April 16, 2024

New Jersey residents fighting 3 proposed power plants as they await environmental justice law

Residents of largely minority areas in New Jersey are fighting three proposed gas-fired power plants as they wait for the state’s environmental justice law β€” signed with great fanfare nearly three years ago β€” to take full effect.

And the waiting is not easy in communities like Newark, where pollution can be part of everyday life.

Two new gas-fired backup power plants are proposed for the Newark area. Both aim to provide emergency power in the event of severe storms like Superstorm Sandy, which knocked out electricity in 2012, caused nearly a billion gallons of raw sewage to flow into area waterways, and flooded trains and equipment in a rail yard.

The backup power plants for the Passaic Valley Sewerage Commission’s treatment plant in Newark, and for NJ Transit, the state transportation agency in nearby Kearny, are particular targets for residents of Newark’s Ironbound neighborhood.

That neighborhood suffers from multiple sources of pollution from nearby power plants, an international airport, numerous highways and heavy truck traffic through residential neighborhoods.

Ironbound “is already one of the worst polluted neighborhoods in the entire country,” said Maria Lopez-NuΓ±ez, a leader of the Ironbound Community Corporation neighborhood group.

“The community of Newark has repeatedly voiced that this plant is not wanted, despite the attempts to threaten us with more flooding,” she said. “We know that this plant won’t stop us from flooding but will guarantee more health issues in our community.”

On Monday, Newark’s mayor and over 20 state lawmakers wrote to Gov.

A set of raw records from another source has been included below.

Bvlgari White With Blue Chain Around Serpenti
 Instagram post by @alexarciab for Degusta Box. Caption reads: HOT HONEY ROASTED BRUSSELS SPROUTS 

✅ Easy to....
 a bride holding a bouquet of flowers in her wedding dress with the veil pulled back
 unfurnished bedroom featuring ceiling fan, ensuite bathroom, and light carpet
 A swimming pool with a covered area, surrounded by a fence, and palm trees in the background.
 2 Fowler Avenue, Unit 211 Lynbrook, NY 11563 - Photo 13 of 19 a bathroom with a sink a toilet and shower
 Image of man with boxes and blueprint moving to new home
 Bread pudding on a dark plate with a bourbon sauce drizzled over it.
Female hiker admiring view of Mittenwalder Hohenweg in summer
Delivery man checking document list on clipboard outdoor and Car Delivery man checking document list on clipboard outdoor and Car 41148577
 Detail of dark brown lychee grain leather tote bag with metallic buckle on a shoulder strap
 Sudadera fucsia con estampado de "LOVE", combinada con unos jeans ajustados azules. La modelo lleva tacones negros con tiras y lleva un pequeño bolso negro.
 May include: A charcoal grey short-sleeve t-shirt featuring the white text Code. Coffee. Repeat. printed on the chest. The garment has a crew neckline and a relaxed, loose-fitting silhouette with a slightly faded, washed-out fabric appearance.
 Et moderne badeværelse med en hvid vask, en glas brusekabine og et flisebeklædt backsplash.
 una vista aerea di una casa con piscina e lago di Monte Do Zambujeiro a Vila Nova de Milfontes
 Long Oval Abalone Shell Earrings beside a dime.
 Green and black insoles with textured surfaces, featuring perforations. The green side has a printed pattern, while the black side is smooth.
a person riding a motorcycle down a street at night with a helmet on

Phil Murphy asking him to reject the proposal in favor of one powered by renewable clean energy.


“This plant does not symbolize progress, nor does it address the need to strengthen the state’s commitment to remediate the disproportionate pollution minority communities find themselves burdened with,” Mayor Ras Baraka said.

Underlying the debate over whether the three projects should be built β€” and where they should go β€” is an environmental justice law New Jersey’s Democratic governor signed in 2020. The measure is designed to protect already overburdened communities, many of them inhabited largely by minorities, from having to accept additional sources of pollution.

Murphy called it “the strongest environmental justice law in the nation.”

But the law still has not taken full effect, and won’t do so for several months, leaving its potential impact on the proposals uncertain.

Larry Hajna, a spokesman for the state Department of Environmental Protection, said the state developed regulations informed by 18 months of outreach efforts to affected communities and entities that would be regulated by the law. He said the proposed regulations are in their final stages of review.

“The Murphy administration is committed to furthering the promise of environmental justice for all New Jerseyans, efforts of which include the implementation of the state’s landmark environmental justice law, in addition to other programs that improve conditions and health outcomes for residents in underserved and overburdened communities,” he said.

The gap between the law’s signing and when it may take effect is frustrating to many residents.

“Newark residents need action, not lip service,” said Kim Gaddy, founder of Newark’s South Ward Environmental Alliance. “Whatever the intentions, PVSC’s plan unavoidably poisons our already too-poisoned lungs and adds to the climate emergency.”

Residents in and around Newark and Jersey City also have been fighting a proposed backup power station in nearby Kearny, which also was proposed as a storm resiliency project designed to ensure train service during major storms. During a board meeting earlier this month, the agency put off a decision until April 2024.


Liz Ndoye, a Hoboken activist fighting the plant, said residents are “calling on Gov. Murphy to fulfill his promise to reverse decades of environmental injustice by stopping NJ Transit’s proposal for a new power plant and instead invest in a clean, renewable alternative.”

NJ Transit did not respond Tuesday to a request for comment made that day. The Associated Press erroneously reported that the request was made Monday.

On Wednesday, NJ Transit issued a statement saying it “has re-imagined this project to maximize the project’s renewables and clean energy components” and is awaiting proposals from various companies. The project “will provide uninterrupted power to key segments of our rail system when power to the existing grid is unavailable.”

And in Woodbridge, about 22 miles south of Newark, the proposed construction of a new gas-fired power plant by a company that already operates one there is drawing opposition from organizations including the local NAACP chapter. That group accuses the DEP of “cutting corners” in its environmental justice review of the proposal.

“This plant would go against environmental justice,” said Rev. Donna Stewart, the president of the group’s chapter in Perth Amboy, next door to Woodbridge. “The NAACP is a civil rights organization, and environmental justice falls under civil rights of our people.”

Competitive Power Ventures, the Silver Spring, Maryland-based company proposing the plant, did not respond to a request for comment Tuesday. Its website describes the proposal as an upgraded use of an abandoned chemical plant.